New clause 32 - Moratorium on new municipal incinerators
Waste and Emissions Trading Bill [Lords]
5:51 pm

Mr Norman Baker (Lewes, Liberal Democrat)
I thank the hon. Gentleman for attempting to insert the word ''or''. As he will have noticed, it fits in nicely with amendments Nos. 4, 5 and 6 and is essential to their success. Without that word my amendment would be incomplete. I thank him for working together with me on that.
This group of amendments deals with incineration, and I suspect that, in many ways, most members of the Committee feel uncomfortable about where the Government are going. I have little confidence that the Government strategy, as set out at present, will limit incineration. I believe that it will lead to an inexorable rise in the number of incinerators across the country, which I, and most people in the Room, would wish to avoid.
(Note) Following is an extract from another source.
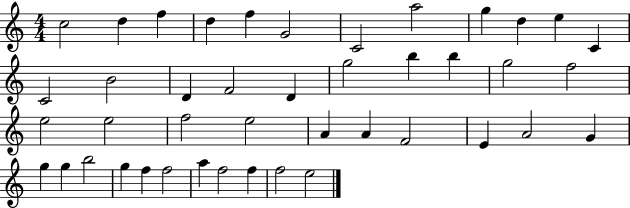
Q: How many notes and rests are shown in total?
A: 43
Amendments Nos. 4, 5 and 6 seek to delete ''or energy recovery'' from subsection (3). My hon. Friend the Member for Guildford and I tabled them simply because we do not wish energy recovery to be put on the same level as the other listed alternatives—recycling, composting, biogas production, materials recovery and so on. The Government have a hierarchy, as we discussed before we adjourned for half an hour. The Minister said that the hierarchy need not be mentioned in the Bill. He said that it exists outside legislation. He said that there is a strategy. Yet when it comes to referring to alternatives, which he must do when he refers to a strategy, he does not explicitly put those within a hierarchy. They are lumped together.
The way that the Government strategy is unfolding and the way that the Bill will operate, both through the implementation of the landfill directive and the existence of the landfill tax, will make landfill the
least attractive option. I hope that the hon. Member for Stroud is interested in this point. He raised it on Second Reading and elsewhere, but I do not think that he is. I am quite happy that the Government have rightly taken action to put landfill firmly at the bottom of the waste hierarchy, but one must ask what steps the Government have taken to make waste minimisation the most attractive option, reuse the second most attractive option, recycling the third most attractive option, and incineration the least preferred option of the four.